No início, foi uma aposta. Acreditando que haveria procura no mercado por impressoras 3D de baixo custo, jovens empreendedores brasileiros lançaram iniciativas destinadas a conquistar um público ávido pelas novidades que estavam fazendo sucesso no Exterior. Apostando nesse interesse, procuraram o financiamento coletivo na internet ou arcaram com recursos próprios para botar em prática o projeto. A visão se confirmaria meses depois: a alta demanda compensou a necessidade do investimento inicial e permitiu a eles arrecadar mais do que o necessário para o início da fabricação. Hoje, essas empresas "sofrem" com o excesso de pedidos.

Infográfico: Como funciona uma impressora 3D? Veja passo a passo e conheça modelos

Essa história é comum a duas pequenas empresas brasileiras de impressão 3D. A Cliever , fundada em 2011, e a Metamáquina , criada este ano, são dois exemplos do crescimento desse setor. Apesar de ainda pouco conhecida do grande público, a impressão 3D tem utilidade reconhecida em diversas áreas, da saúde à moda, e expande seus horizontes a todo momento. Afinal, agora qualquer ideia pode se transformar em um objeto.

A impressão 3D atingiu seu ponto de virada: está migrando de um público restrito - os early adopters - para aquelas pessoas que apenas desejam imprimir algo bacana, muitas vezes fabricado ou idealizado por elas próprias. É um meio-termo entre a produção de massa e a customização dos objetos - esta muito valorizada pelos entusiastas da tecnologia, apesar de a complexidade dos itens fabricados ainda ser baixa. Mas, afinal, qual a utilidade de uma impressora 3D?

"Com ela, você pode fazer o que sua imaginação mandar", resume Rodrigo Krug, 26 anos, fundador da Cliever. Disponível no mercado desde julho pelo valor de R$ 4,5 mil, o primeiro lote de impressoras 3D prontas para uso está esgotado, com encomendas realizadas até o final de 2012. A pequena empresa, fundada em Porto Alegre, conta hoje com uma equipe de cinco pessoas.
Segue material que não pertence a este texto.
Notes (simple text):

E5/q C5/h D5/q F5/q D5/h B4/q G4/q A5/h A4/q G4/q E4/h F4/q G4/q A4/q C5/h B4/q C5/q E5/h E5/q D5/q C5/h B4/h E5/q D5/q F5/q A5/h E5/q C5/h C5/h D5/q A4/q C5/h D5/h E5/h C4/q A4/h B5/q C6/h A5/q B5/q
Seus principais clientes são empresas de pequeno e médio porte. "Aqui no Brasil ainda não havia muitas referências quando começamos, então nos focamos no mercado corporativo", ele afirmou ao Terra . Krug estima que haja 25 modelos de sua Cliever CL-1 em funcionamento no País - número que deve crescer para 100 ainda este ano.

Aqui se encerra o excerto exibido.